In contrast, standard methods like class conditional GANs focus on conditioning class labels, effectively partitioning the data into groups corresponding to those labels to generate more high-quality samples than their unconditional counterparts. So, instead of creating only random images, these GANs create images that fit a particular label like ‘clothing’ or ‘car.’ At the same time, they rely on annotated/labelled data that may be unfeasible to obtain.
Previously, label-free learning approaches — using no labelled data — to image generation have been promising, but their result is usually of poor quality when trained to model complex datasets (ImageNet). Plus, they either use coarse, nonoverlapping data partitions or fine partitions that tend to deteriorate output as the clusters contain limited data points.
The image below depicts an IC-GAN instance on the left to generate the corresponding images shown on the right. Here, no class label is provided.

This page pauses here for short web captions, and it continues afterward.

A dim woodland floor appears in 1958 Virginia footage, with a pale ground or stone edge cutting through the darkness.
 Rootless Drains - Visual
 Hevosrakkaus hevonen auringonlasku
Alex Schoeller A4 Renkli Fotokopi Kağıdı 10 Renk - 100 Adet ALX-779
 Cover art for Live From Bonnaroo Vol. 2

Interestingly, the IC-GAN can be transferred to other datasets not seen during the training for both class-conditional scenarios and where there are no labels.
Further, in IC-GAN, the researchers said they do this by swapping out the conditioning instances at inference time. In the case of class-conditional IC-GAN, they can swap either the instance conditioning or the class label. Combining instances and the class labels, the class-conditional IC-GAN can create unusual scenes that aren’t present or are very rare in current datasets.

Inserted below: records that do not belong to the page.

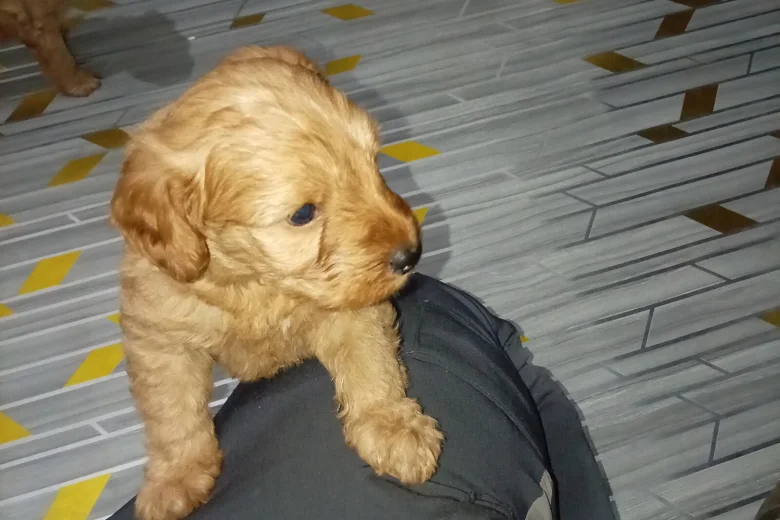 Cavapoo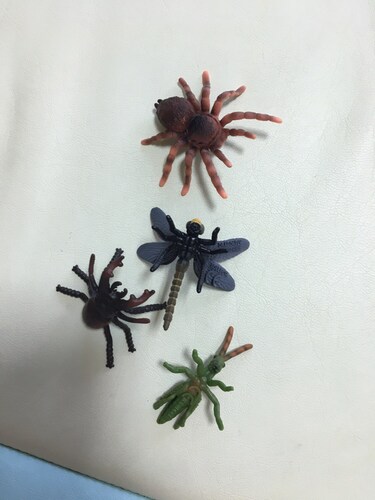 컬렉타 미니 곤충 거미 세트 (12종)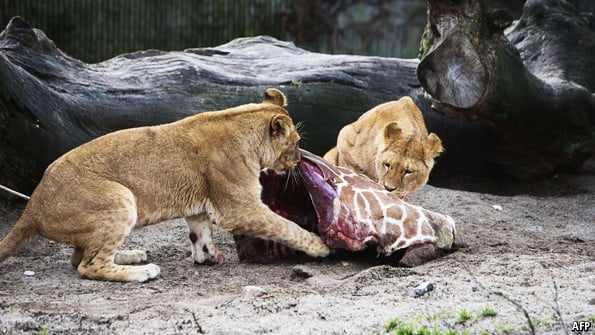 일부 혹은 많은 유럽 동물원에서 관행처럼 벌어지는 일 (죽은 동물 사진 주의) | 인스티즈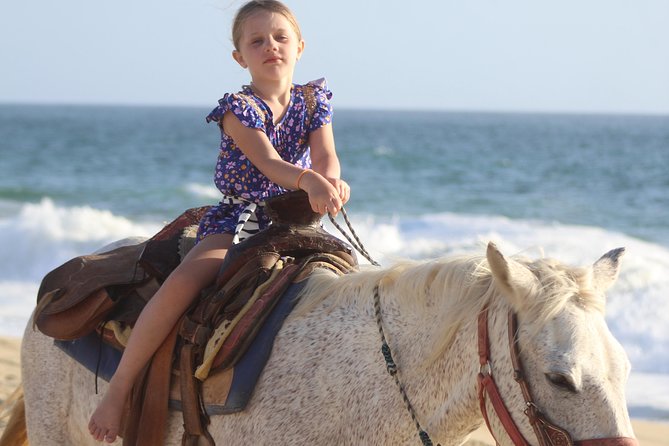 Cabo White Sand Horseback Riding Tour and Tequila Tasting - From Baja cactus trails to the Pacific beach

For example, with the image of a snowplough surrounded by snow and a class label ‘camel,’ which does not appear in the instance conditioning, the user can generate camels surrounded by snow, thereby eliminating the bias that camels live only in the desert. (see the image below)
Another example (as shown below) shows that the IC-GAN uses the graphics of a house to create a more realistic-looking building.
In a nutshell, IC-GAN can augment data and include objects commonly found in the training data. As a result, this new approach can help generate more diverse training data for object recognition models as it works across various domains.
For instance, traditional GAN models would not generate images of zebras standing in urban areas, as its training data would likely only contain images of zebras in grasslands. Here, the IC-GAN can augment data and include objects that are not commonly found in standard datasets.
“In the future, we hope to explore ways to bring even more control to this model,” said Facebook, stating that it will no longer be just about the object at the centre and the background. “We want to explore how more objects can be placed in the background and determine where the items are placed, creating complex, picture-perfect scenes,” said the researchers.